Lyceum of the Philippines University
- Former name: Lyceum of the Philippines
- Motto: Veritas et Fortitudo; Pro Deo et Patria; (Latin)
- Motto in English: Truth and Courage For God and Country
- Type: Private non-sectarian, coeducational higher education institution
- Established: July 7, 1952 (74 years and 64 days)
- Founder: Jose P. Laurel
- Academic affiliations: Intramuros Consortium, ASAIHL, SMIIC PACUCOA
- Chairman: Lorna P. Laurel
- President: Roberto P. Laurel
- Vice-president: Sarah L. Lopez (Finance); Jennifer D. Tucpi (Academic Affairs);
- Students: 20,010 (1st semester SY 2016–17; Manila campus only)
- Location: Intramuros, Manila, Metro Manila, Philippines 14°35′30″N 120°58′40″E﻿ / ﻿14.59160°N 120.97783°E
- Campus: Urban;
- Satellite campuses: Makati; Cavite; Batangas; Laguna; Davao;
- Alma Mater song: Awit ng Lyceum
- Colors: Red and Gray
- Nickname: Pirates
- Sporting affiliations: NCAA, WNCAA, ISAA, V-League
- Mascot: Pipo the Pirate
- Website: www.lpu.edu.ph
- Location in Manila Location in Metro Manila Location in Luzon Location in the Philippines

= Lyceum of the Philippines University =

Private university in Manila, Philippines

Lyceum of the Philippines University (Pamantasang Liseo ng Pilipinas), also referred to by its acronym LPU, is a private, non-sectarian, coeducational higher education institution located at Intramuros in the City of Manila, Philippines. It was founded in 1952 by José P. Laurel, who was the third president of the Republic of the Philippines.

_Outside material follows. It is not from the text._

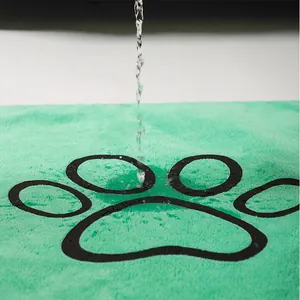 Close-up of green coral fleece pet mat showing water absorption and leak-proof detail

Two of LPU's prominent features are its entrance gate through the "Hall of Heroes", commonly known as "Mabini Hall", which exhibits busts of Philippine historical figures sculpted by the National Artist Guillermo Tolentino, and the "Lyceum Tower", which serves as the school's landmark.

Many disciplines are taught in the university, with International relations (diplomacy, international trade), business, communication and International Hospitality (hotel and restaurant management, tourism) consistently being the university's flagship courses.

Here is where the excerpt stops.